Would you repeat the listing exactly but omit every picture?

> The data
/---

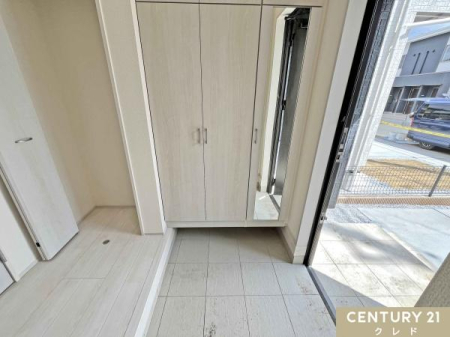 ���� �V��܂œ͂���e�ʂ̃V���[�Y�{�b�N�X�ŁA���Ƒ��̌C���X�b�L�����[�B���o�����O�̐g�����Ȃ݃`�F�b�N�ɕ֗��ȑS�g���t���ł��B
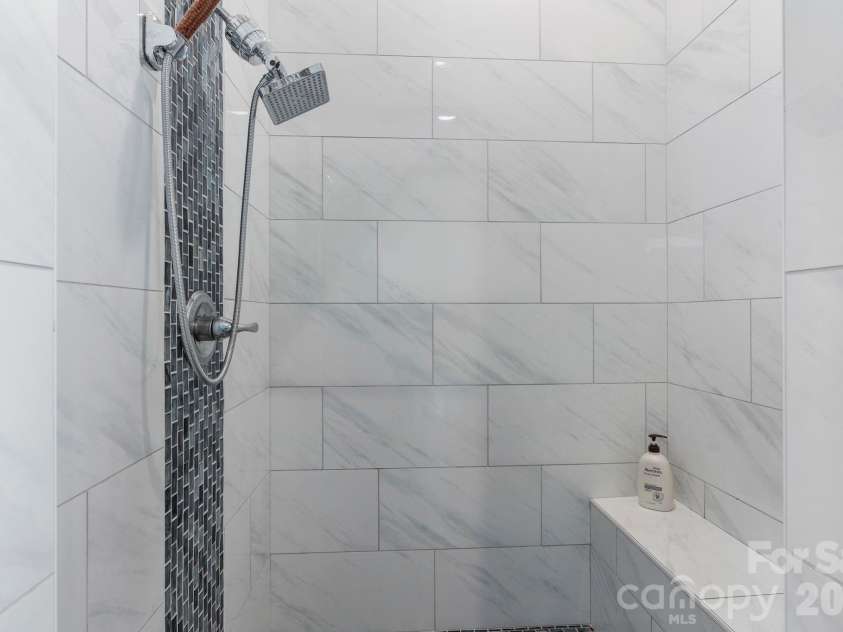 5780 Hwy 10 Highway, Hickory, NC 28602.  MLS# CAR4355019, YatesRealty ID 14260. Primary  Shower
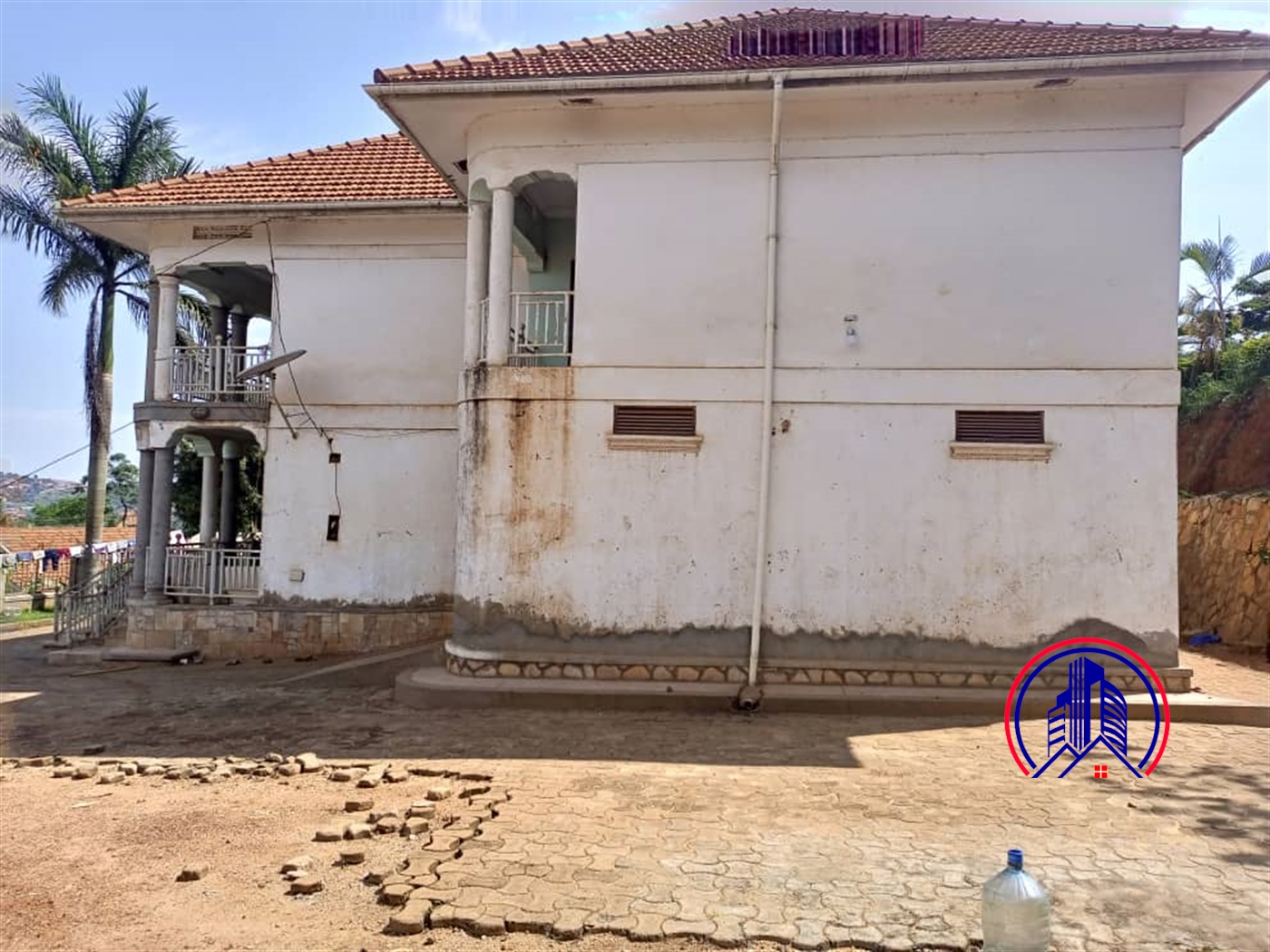 Storeyed house for sale in Sseguku Wakiso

\---

> Exercise output
 ���� �V��܂œ͂���e�ʂ̃V���[�Y�{�b�N�X�ŁA���Ƒ��̌C���X�b�L�����[�B���o�����O�̐g�����Ȃ݃`�F�b�N�ɕ֗��ȑS�g���t���ł��B
 5780 Hwy 10 Highway, Hickory, NC 28602.  MLS# CAR4355019, YatesRealty ID 14260. Primary  Shower
 Storeyed house for sale in Sseguku Wakiso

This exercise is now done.